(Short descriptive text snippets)
------------

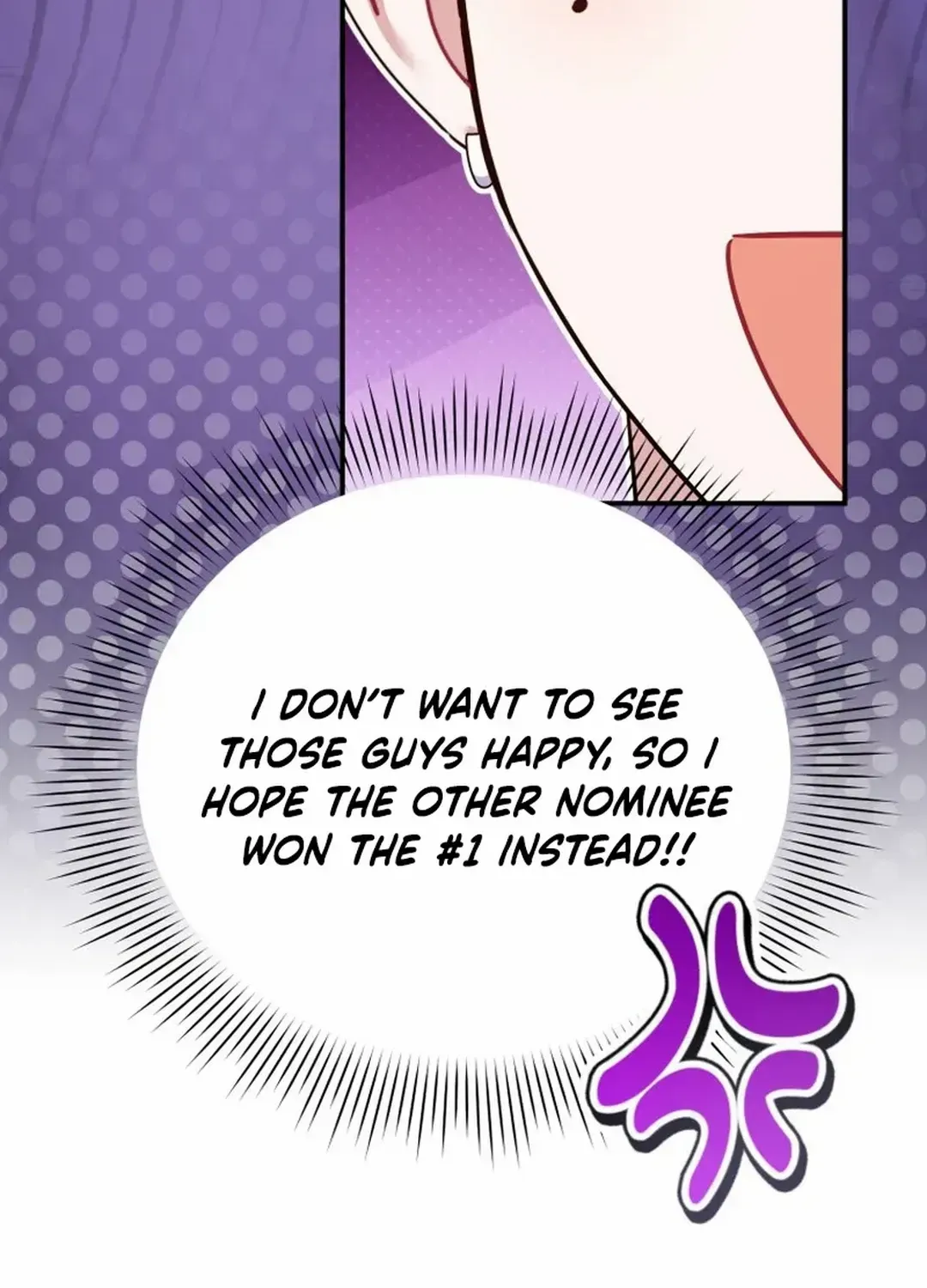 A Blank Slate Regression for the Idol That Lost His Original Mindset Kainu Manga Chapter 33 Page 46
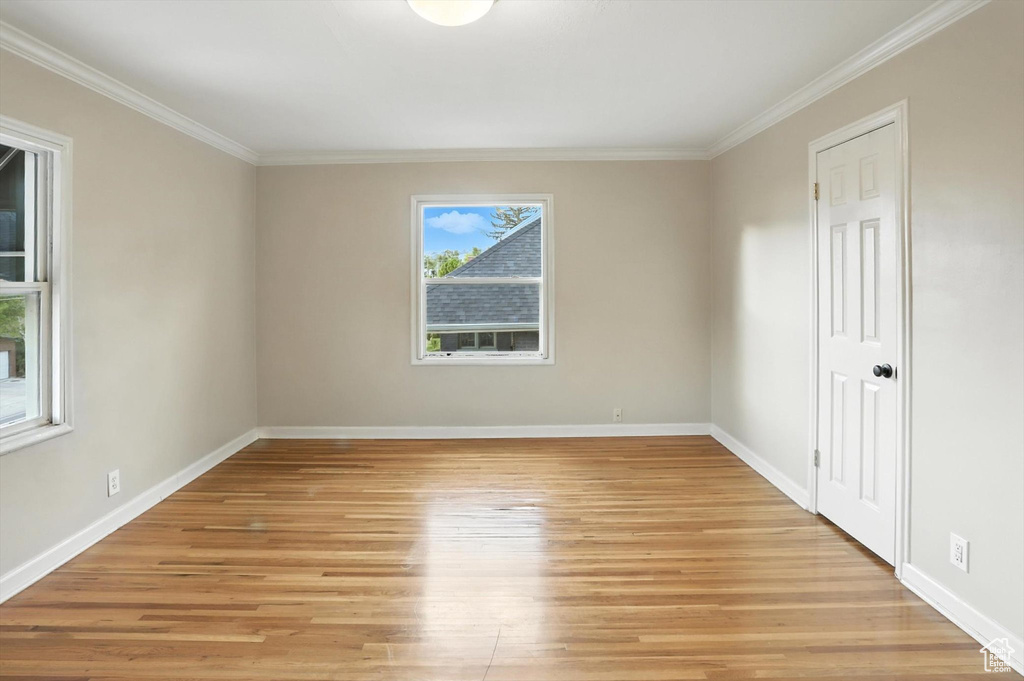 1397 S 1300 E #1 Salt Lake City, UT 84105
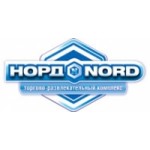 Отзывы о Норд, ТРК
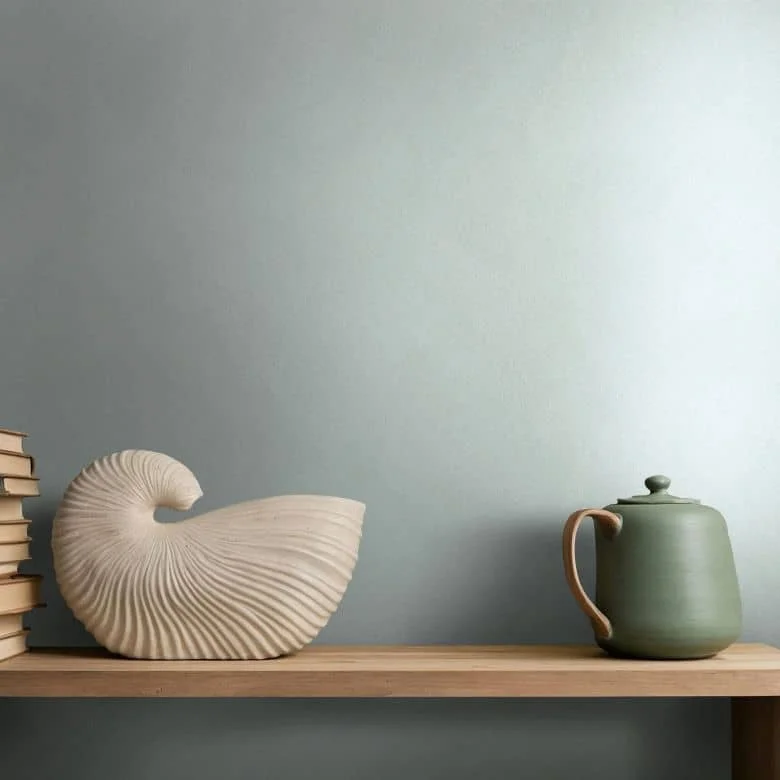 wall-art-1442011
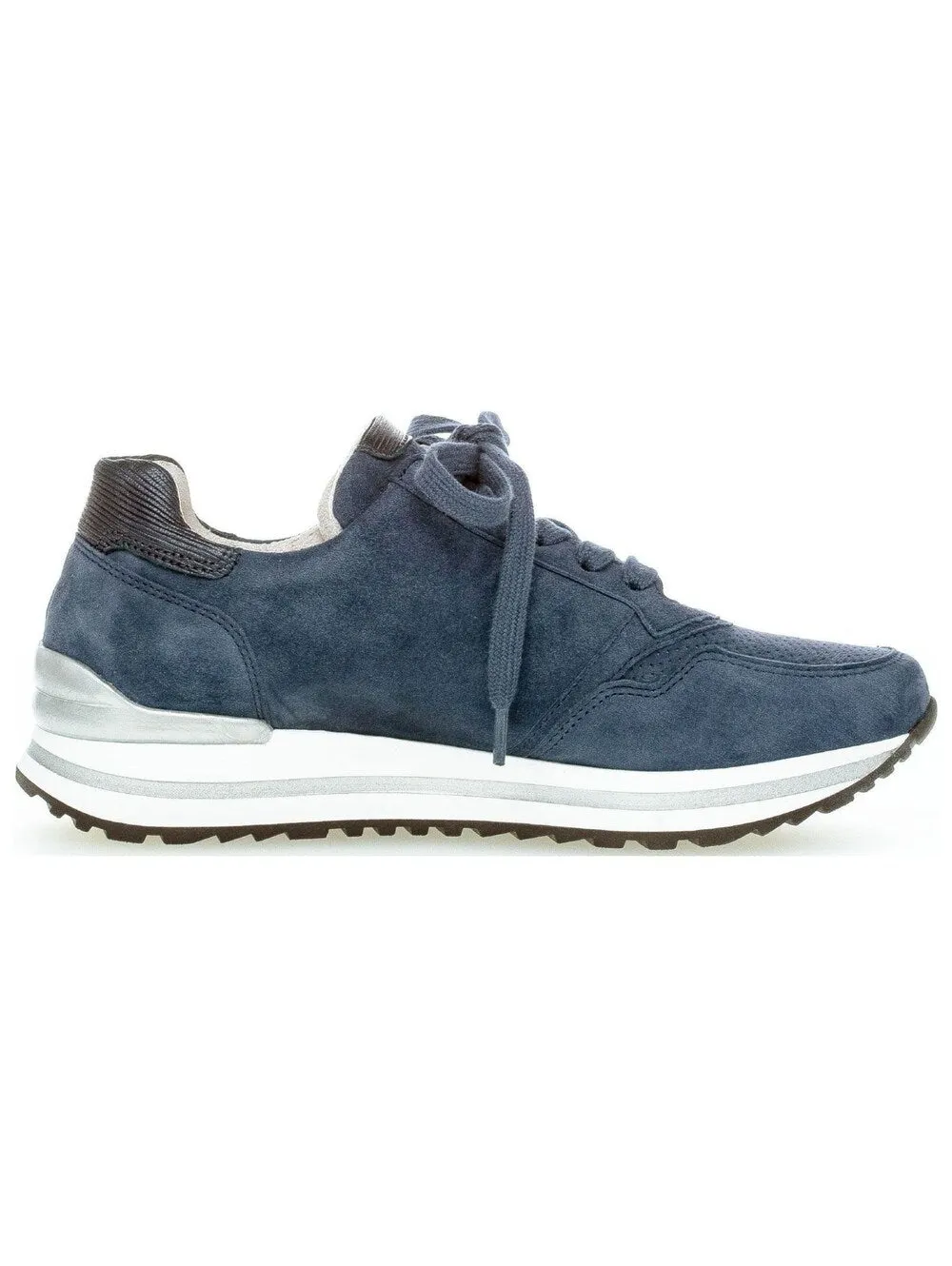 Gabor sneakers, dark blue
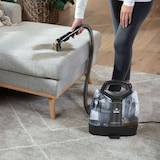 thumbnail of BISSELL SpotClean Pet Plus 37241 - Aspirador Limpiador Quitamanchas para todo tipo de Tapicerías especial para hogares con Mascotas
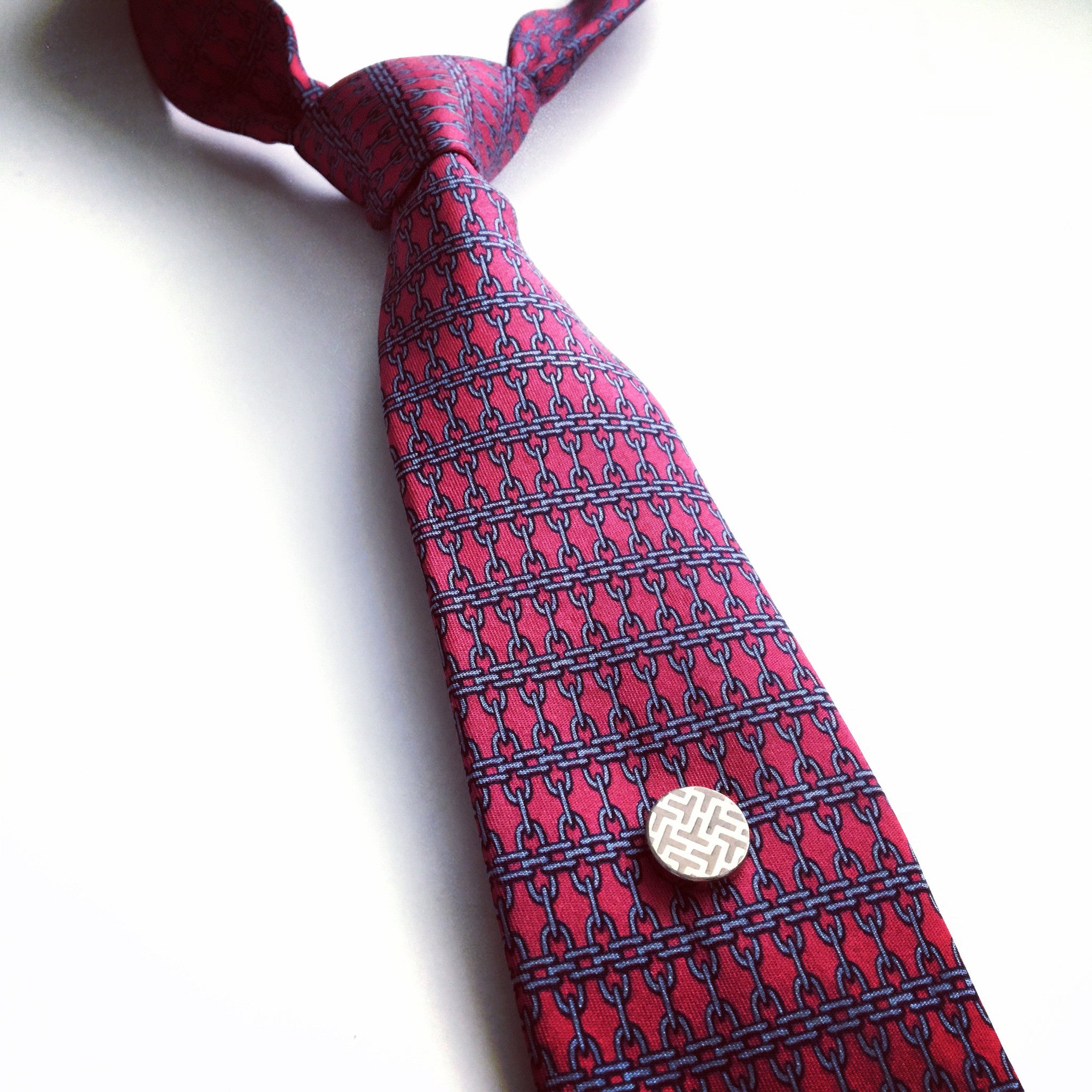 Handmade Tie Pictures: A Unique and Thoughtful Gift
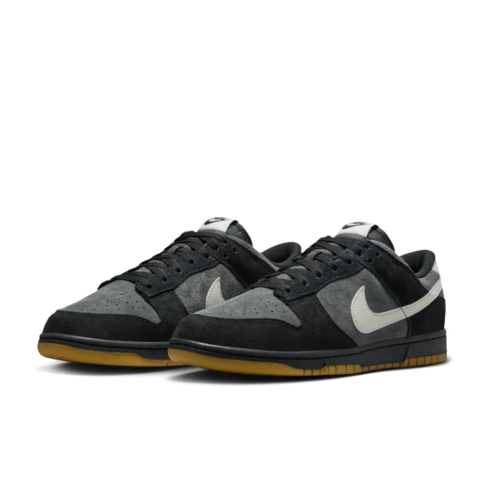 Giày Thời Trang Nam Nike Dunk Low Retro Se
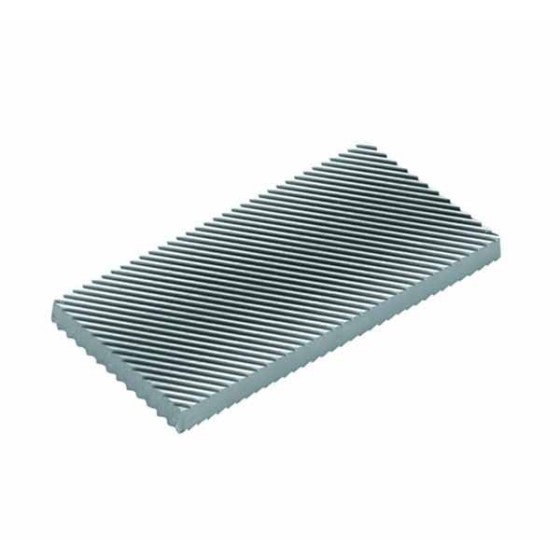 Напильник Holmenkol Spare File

------------

> Work to be completed:
Although the records contain pictures, only the text should be copied, exactly as it stands.

> Exercise output:
 A Blank Slate Regression for the Idol That Lost His Original Mindset Kainu Manga Chapter 33 Page 46
 1397 S 1300 E #1 Salt Lake City, UT 84105
 Отзывы о Норд, ТРК
 wall-art-1442011
 Gabor sneakers, dark blue
 thumbnail of BISSELL SpotClean Pet Plus 37241 - Aspirador Limpiador Quitamanchas para todo tipo de Tapicerías especial para hogares con Mascotas
 Handmade Tie Pictures: A Unique and Thoughtful Gift
 Giày Thời Trang Nam Nike Dunk Low Retro Se
 Напильник Holmenkol Spare File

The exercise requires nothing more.